Kenya Electricity Generating Company (KenGen) MD Eddy Njoroge tells Engineering News in an interview that Kenya’s target of generating 5 000 MW from geothermal sources by 2030 will only be realised if international financiers partner with the East Africa nation.
“We want to explore cheaper sources of electricity. Geothermal power production is less costly compared with thermal, hydro or even wind.
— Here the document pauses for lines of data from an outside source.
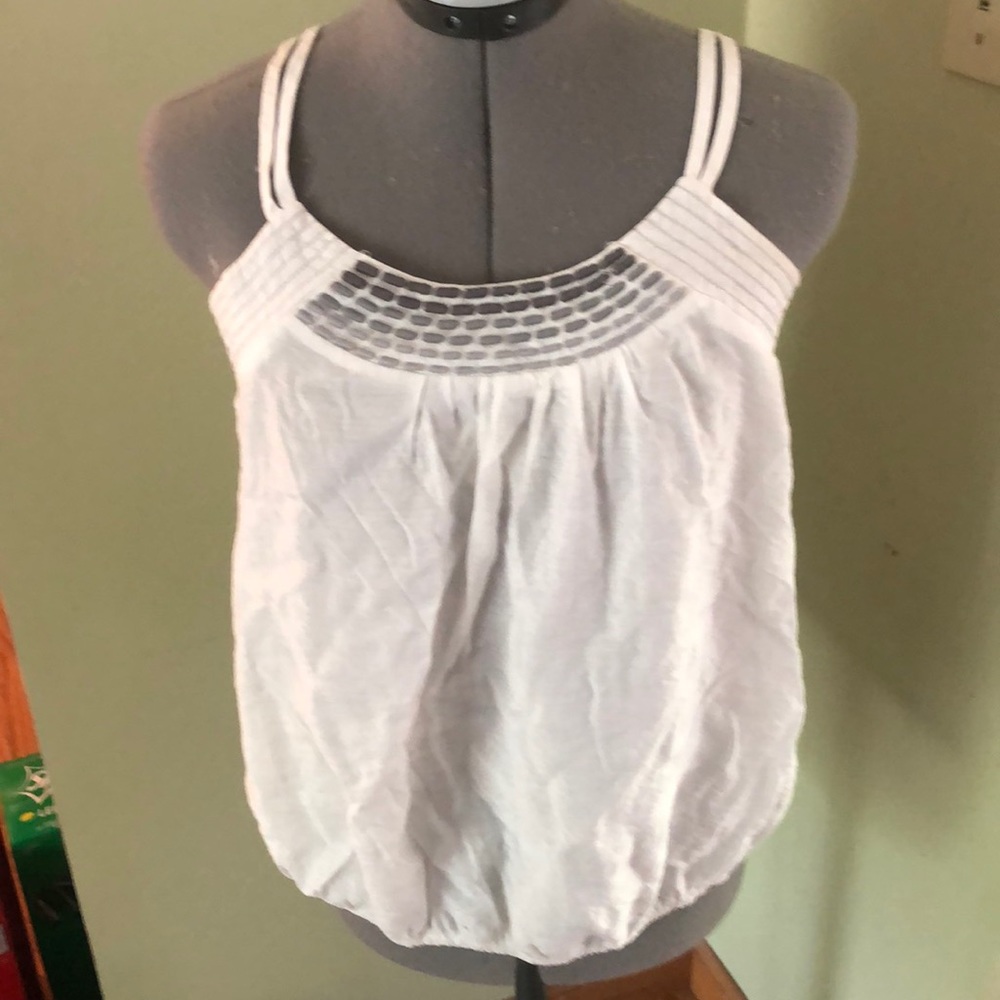Ya Summer Tank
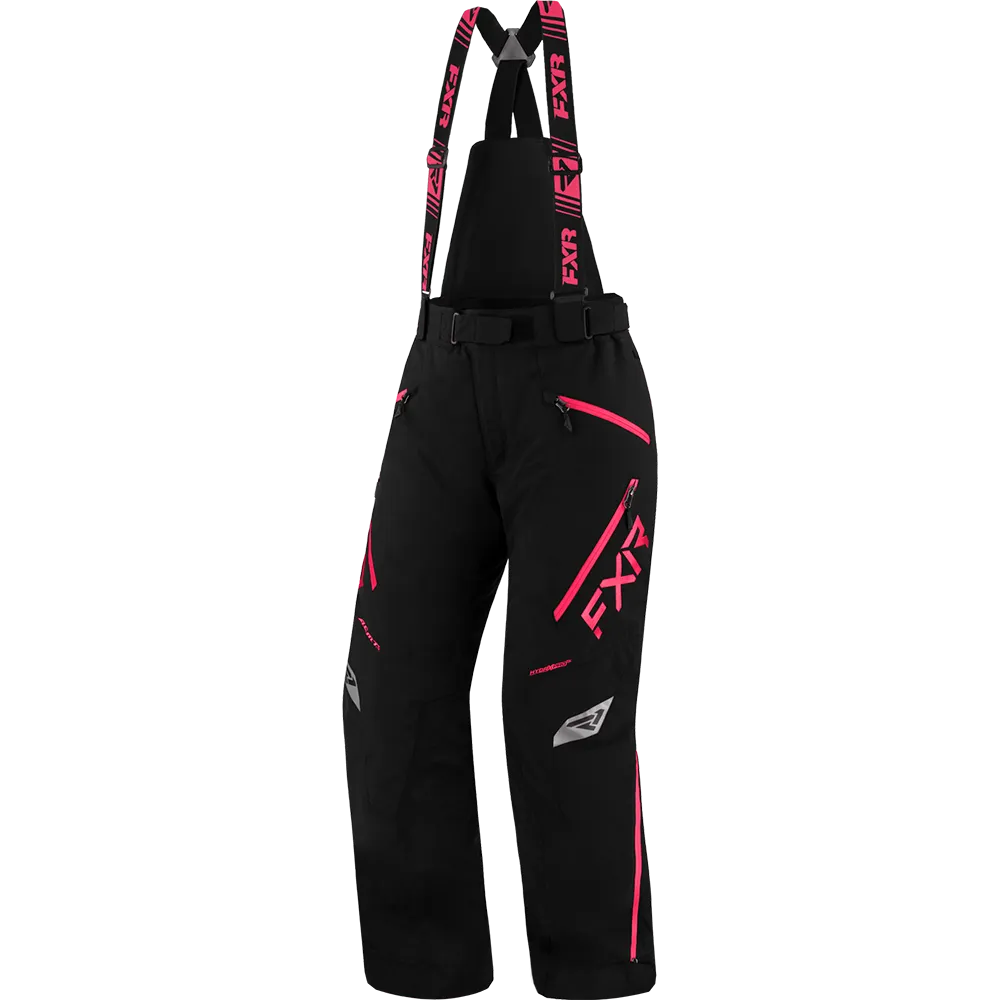 FXR WOMEN'S EDGE PANT (2025)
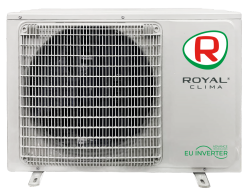 Сплит-система Royal Clima Competenza DC INVERTER CO-D 24HNI / CO-E 24HNI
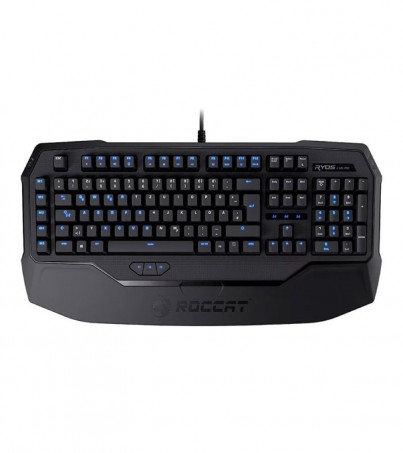ROCCAT KEYBOARD RYOS MK PRO (BLUE-SW)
The challenge we have is raising the funds for constructing the geothermal plants and that is why we need international financiers to partner with us,” he says.
He adds that, in the next five years alone, KenGen will require at least $4.5-billion to implement projects with the capacity to generate 1 200 MW from geothermal wells in the Olkaria and Menengai fields in the Rift Valley.
KenGen has awarded the contract for the construction of a 280 MW geothermal project to a consortium of Tsusho Corporation, of Japan, and Hyundai Engineering & Construction, of South Korea.
Njoroge says with energy demand in Kenya expected to increase at an average of 8% a year, only massive investments in geothermal will end Kenya’s chronic power shortages.
“Geothermal will help us mitigate the inconveniencies of a power crisis precipitated by overreliance on hydro and will result in the cost of power coming down,” he says.
In recent months, Kenya, East Africa’s biggest economy, has witnessed an unprecedented surge in the cost of electricity owing to declining water levels in rivers generating electricity.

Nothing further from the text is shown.